Non-technically-minded people could, and should, manage the projects and define the goals based upon strategic initiatives, not just based upon what is easiest to code.  They must then recruit and work closely with the technical communities around them to achieve the final results.

I would be looking for people with project management skills who are able to understand the problems of government agencies and their teams who could translate these challenges into challenges that the agencies (in terms of exposing data) and the technical community (in terms of solving the problems) could partner on.

The ideal candidates must be good commmunicators, great listeners, and passionate about achieving results.

Civil / Military Cooperation in Disaster Relief Situations

Hi John.

I worked for quite a while on civ/mil cooperation for disaster relief. I’m an open source guy (well, actually a Free guy, to use Stallman’s Distinction, but more pepole understand Open Source than Free these days!).

http://star-tides.net was the major output of that process. It’s a big open clearing house for disaster relief information and an ongoing conversation about those issues of sharing and cooperation between a variety of miliary, civilian and state actors. They do really good work.

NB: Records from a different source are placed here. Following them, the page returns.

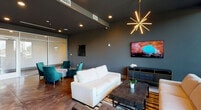 This single-floor space showcases a refined contemporary design, seamlessly blending sophisticated materials with an open, inviting layout. Polished concrete floors run throughout, reflecting ambient and natural light to enhance the spacious feel of the interior. Deep charcoal-toned walls provide a dramatic backdrop, complemented by dark ceilings fitted with recessed lighting that creates a warm, layered glow.

The lounge area is anchored by crisp white sofas and a dark stone coffee table arranged atop a patterned area rug. A bold sputnik-style brass chandelier serves as a striking focal point overhead, while wall-mounted flat-screen televisions add a functional touch. Floor-to-ceiling windows flood this zone with natural light and offer open views of the surrounding outdoor landscape.

A reception or service counter features a dramatic black-and-gold veined marble surface with warm wood cabinetry below, positioned near additional seating clusters of richly upholstered accent chairs. Abstract artwork adorns the walls nearby.

The bar area commands attention with an expansive, deeply veined green marble countertop and herringbone wood-patterned base, surrounded by upholstered bar stools. A textured gold tile accent wall and dual mounted screens complete the backdrop, while pendant lighting overhead adds an elegant finishing detail throughout the space.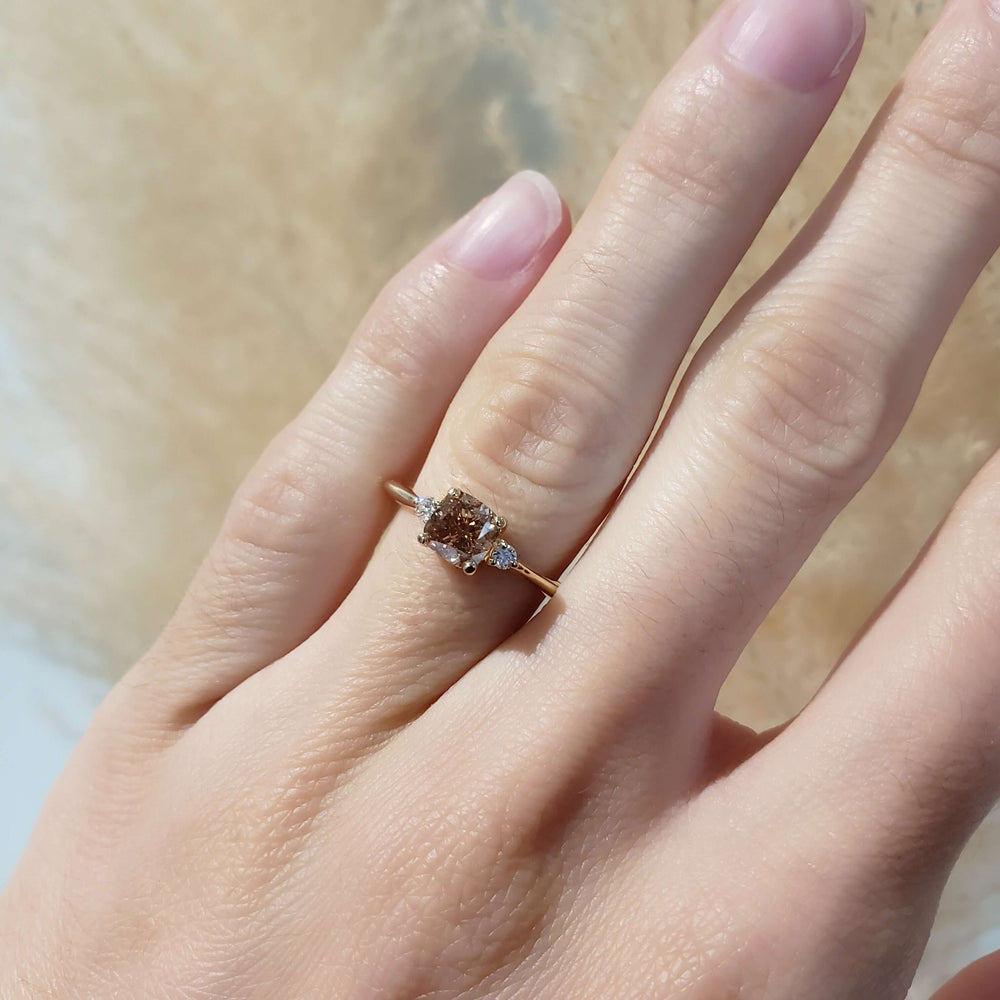 Champagne diamond and yellow gold engagement ring worn on hand
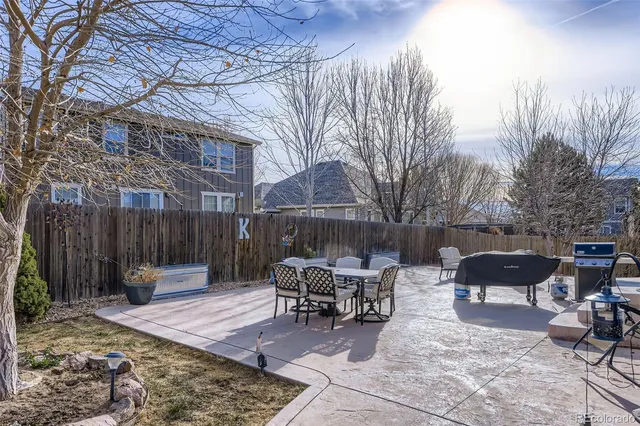 a patio with a table and chairs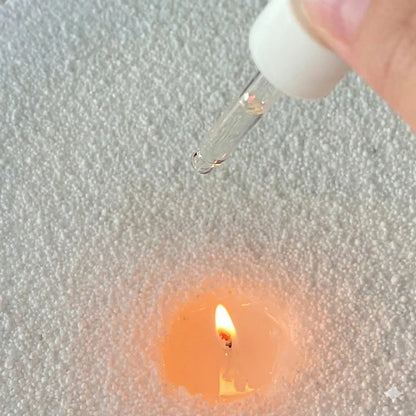 Ajout de quelques gouttes d’huile parfumée d’intérieur à la lavande dans une bougie, idée cadeau parfaite pour accompagner un moment de calme et de détente – KoolKado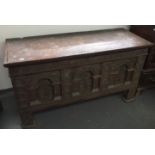 A carved oak coffer, late 17th/early 18th century, with a triple carved front,
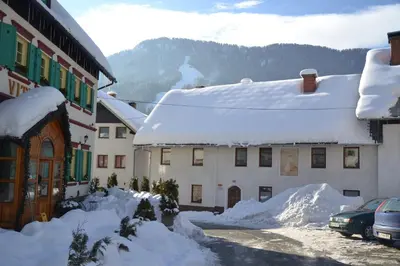 a snow covered street in a town with buildings at Apartments Pr'Krštano in Kranjska Gora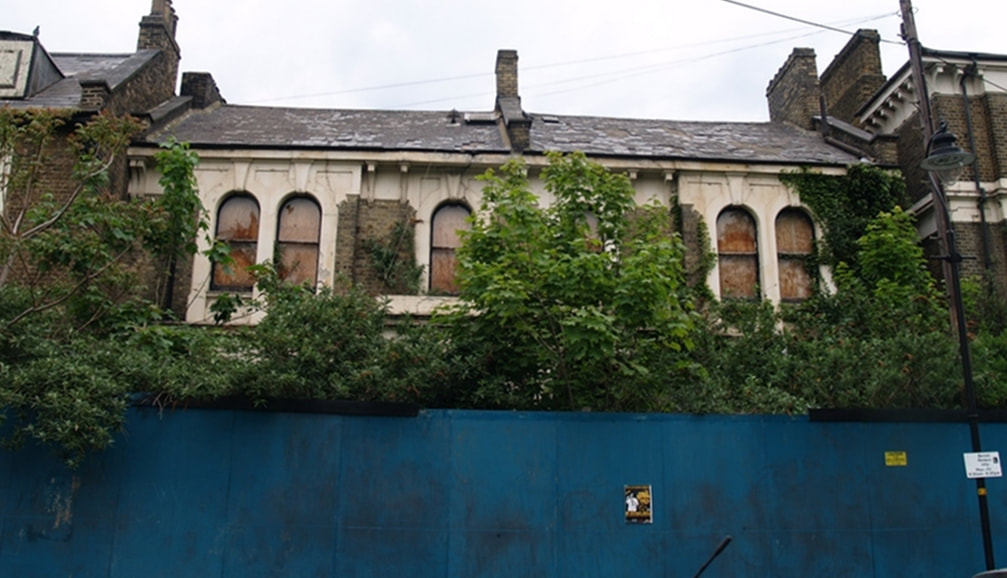 Derelict overgrown and neglected houses in South London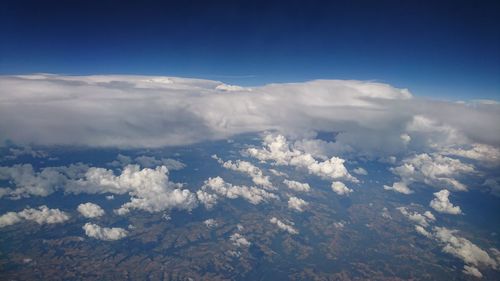 Aerial view of snowcapped mountains against sky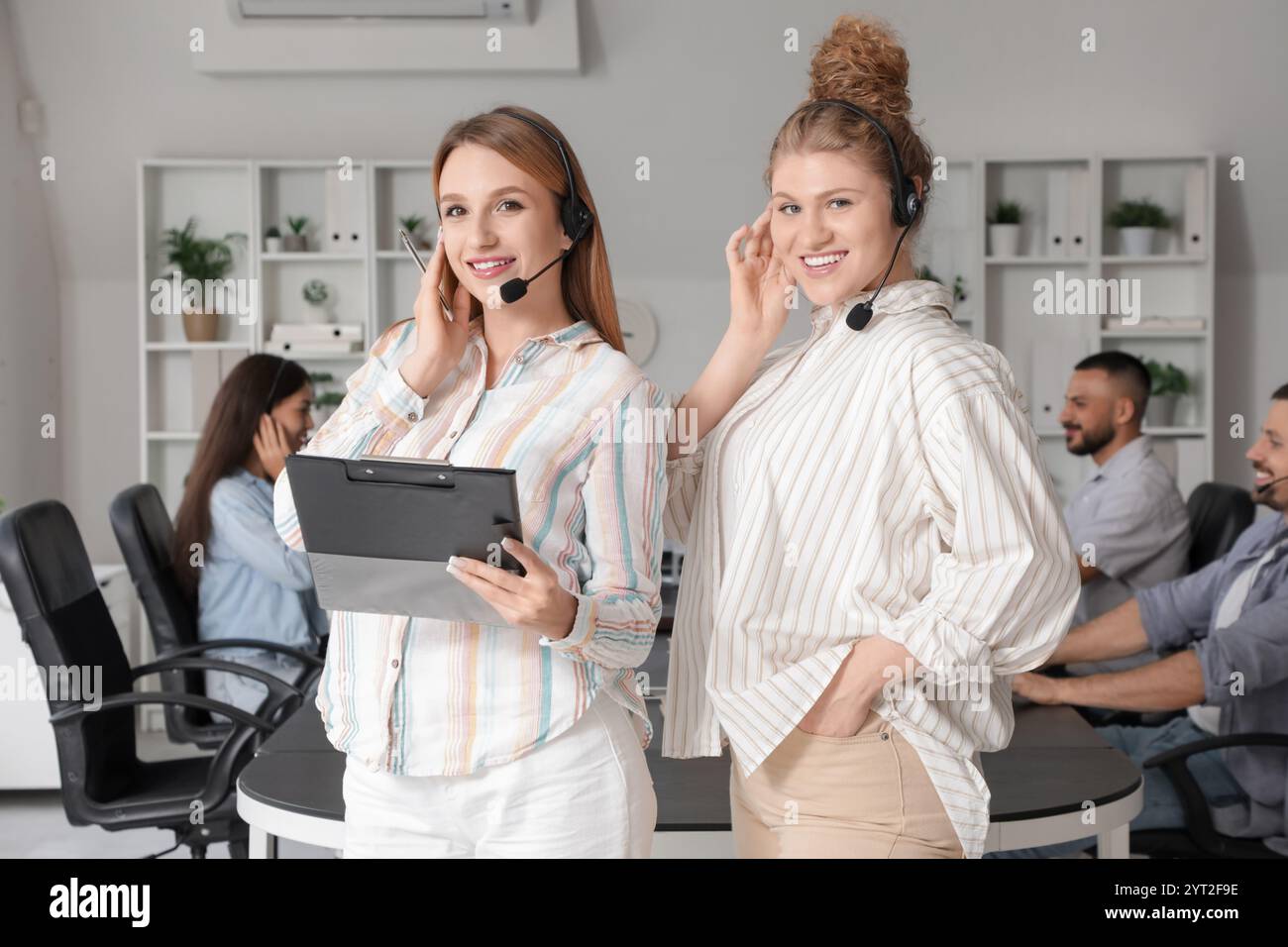 Female technical support agents with headsets and clipboard in office ...
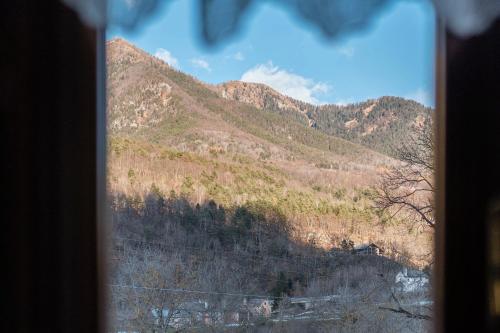 a view of a mountain from a window at Casa Daniela in Druogno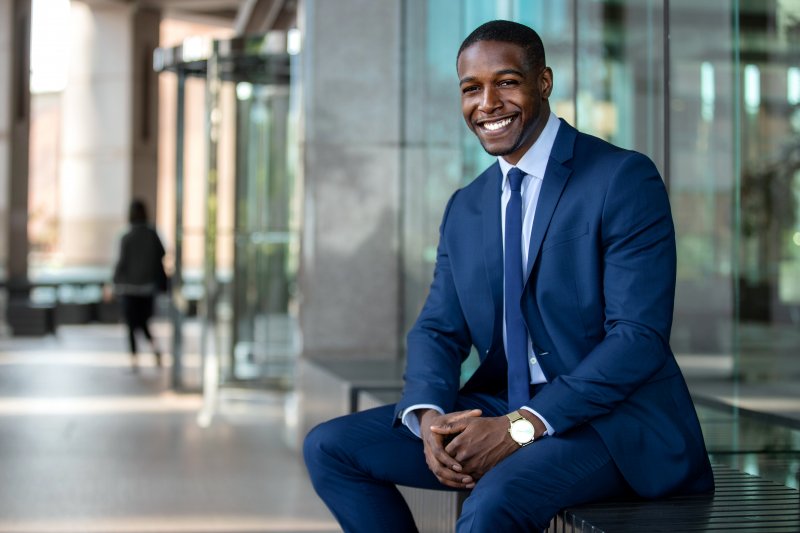 A young professional smiling outside of an office building.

Now we’re in a rather interesting situation. Open Data and Open Government go closely together but it’s also blurring ownershp of certain types of capability. A really simple example is searching government web sites: people use Google. But the government doesn’t own Google, and neither do the people: the most advanced user of the goverment’s data is actually a private company, which is now providing a service to the public based on government data, but not actually accountable. Although in theory the Public could build something to replace Google for searching their data, in practice that’s not happening.

In the case of novel applications, where there’s a possibility of patenting a method or an application which runs on top of publid data to produce a proprietary-and-non-replaceable service, Open Data starts to export capability from the State to the Market in a way which we’ve found, historically speaking, is Unhelpful.

So (and excuse the length of my preamble) here’s my question: do we need to mandate that Open Data can only be used in Open Source applications to prevent proprietary applications basically renting the public’s own data back to them, with patent coverage to prevent competition?

Or is that an issue we don’t have to face at the moment? I feel that this is a very deep question about the nature of Open, and who’s-the-public, which is at the heart of a lot of our issues with the State / Market / Society matrix.

Thoughts?

Vinay

I love this question

Vinay,

This is an excellent question

In my opinion one of the benefits of government open data is a potential positive economic impact in terms of market and job creation.  Companies and individuals will only invest their time and energy  in building solutions on top of government open data if their is an economic benefit to those groups.

Now, this economic benefit does not need to be driven from current models of capitalism, they could be driven by government grants and other rewards that benefit individuals and corporations, providing sufficient motivation.

I sincerely like this type of model as it would require governments to step back and take a more strategic approach to what data is released, how it works with organizations, etc…  I would prefer, for example, that countries focused on streamlining their budgets, adding more transparency to where money is spent and how decisions are made.  If governments were to partner, proactively, with organizations to meet these goals, to release the right data, and to reward these partners that make it happen, we might see quicker adoption of open data to solve REAL problems. Citizens, politicians, and government employees would get excited.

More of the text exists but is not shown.